What interests me is that the fallacy of composition applies in another area too – in the refutation of one major critique of Marx’s law of the tendency of the rate of profit to fall.  The most famous modern argument against the law is that by Nobuo Okishio, a Japanese Marxist economist.  Okishio argued way back in 1961 that under competitive capitalism, a profit-maximising individual capitalist will only adopt a new technique of production if it reduces the production cost per unit or increases profits per unit at going prices.  So capitalist accumulation must lead to a rise in the rate of profit not a tendency to fall – otherwise why would any capitalist invest in new technology?  And Marx is used to back up this argument: no capitalist ‘ever voluntarily introduces a new method of production … so long as it reduces the rate of profit’. Marx 1978a, p. 264

Yes, no individual capitalist would introduce a new technology unless it contributed to raising profits and market share, the individual rate of profit.  But this is where the fallacy of composition comes in.  The innovating capitalist steals a march on others through lowering the costs of production against the prevailing market price.  Its profits go up.  But that is being achieved by the profits of the other capitalists beginning to fall as they lose competitive advantage.  They must react by introducing the new technology (or even better technology) that lowers their costs too.  But then the productivity of the existing or probably reduced labour force for all the capitalists rises and thus lowers the value per unit of product.  Once all the capitalists have adopted the new technology, the organic composition of capital (the ratio of money spent on equipment versus wages) will have risen and, ceteris paribus, the general rate of profit will have fallen.

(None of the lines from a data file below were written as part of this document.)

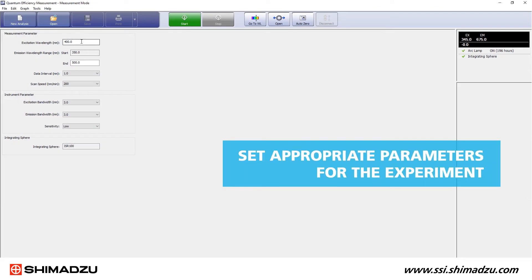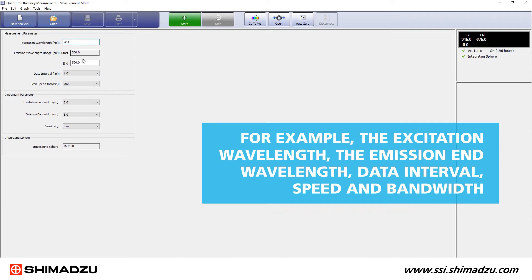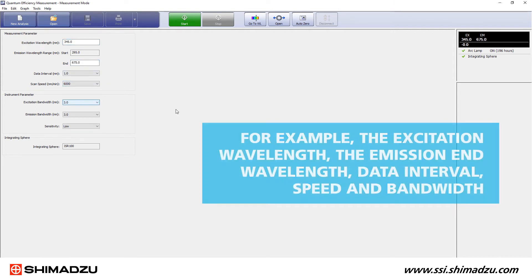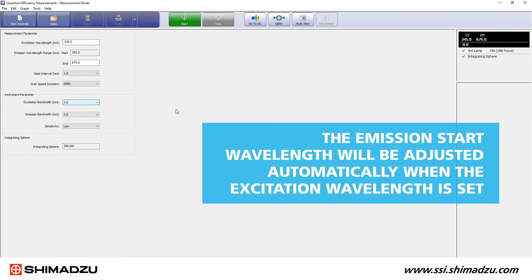Set appropriate parameters for the experiment — for example, the excitation wavelength, the emission end wavelength, data interval, speed, and bandwidth. The emission start wavelength will be adjusted automatically when the excitation wavelength is set.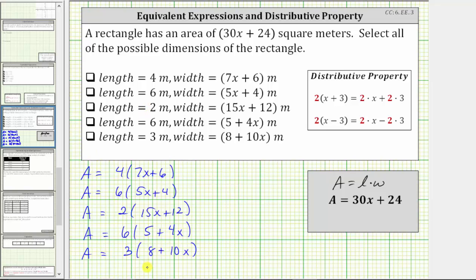Each product here is the length times the width, which will give us the area of the rectangle. To determine each product, we will use the distributive property shown here, often referred to as multiplication across addition or subtraction.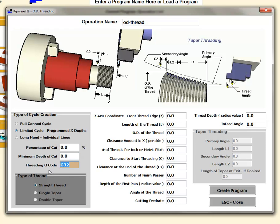For instance on a Fanuc control this code might be a G92 command. The minimum depth of cut means that the cant cycle will cap off when the x-dimension reaches a depth of cut of whatever you put into this minimum depth of cut field. In this case I put in a tenth, which means when the depth of cut calculated becomes a tenth, it's going to cap off at a tenth and it won't go any smaller than that.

Professor Simon Mohun provided an excellent example from game theory to show why innovation under capitalism and competition can lead to fall in average rate of profit, contrary to Okishio.
There are two capitalists: A and B.  Each starts with 3 in profit.  If neither A and B innovate to reduce costs and boost profits, A stays at 3 and B stays at 3.

But if A innovates and B does not; then A gets a higher profit (4) while B loses market share and gets less profit (1).  Alternatively, if A does not innovate and B does, then A gets 1 and B gets 4.  If both innovate, then A gets 2 and B gets 2.

There is a drive to innovate because A or B could raise profit from 3 to 4.  So there cannot be an agreement not to innovate, leaving A on 3 and B on 3.  But if one innovates first to get 4, then the other must do so or its profit will fall to 1.  But with both innovating, they both end up on 2 instead of 3 (if they had done nothing).  So innovation boosts the individual profit of the leader but eventually when both innovate, the profit is lower.

Again, this is over time.  If A and B could simultaneously introduce the innovation (as Okishio assumes), then they may not do so, and stay at 3, rather than fall to 2.  But that would not be reality.  Reality is temporal.

The Okishio theorem is an example of the fallacy of composition.  It simply sums the gain of one individual capitalist to the whole capitalist economy.  But what is good for each individual capitalist is not good for the profitability of the whole capitalist economy.  When everybody does it, overall profitability falls.

Moreover, each individual capitalist is not doing this ‘voluntarily’ after all, but of necessity to compete and not lose market share.  As Marx says, the law of value and profitability operates ‘behind the backs’ of the capitalists – it is not in their conscious control.  For Adam Smith, it is the ‘invisible hand’ of the market, for Marx, it is an ‘invisible Leviathan’, to use Murray Smith’s metaphor (Murray Smith, Invisible Leviathan, Historical Materialism, forthcoming 2018).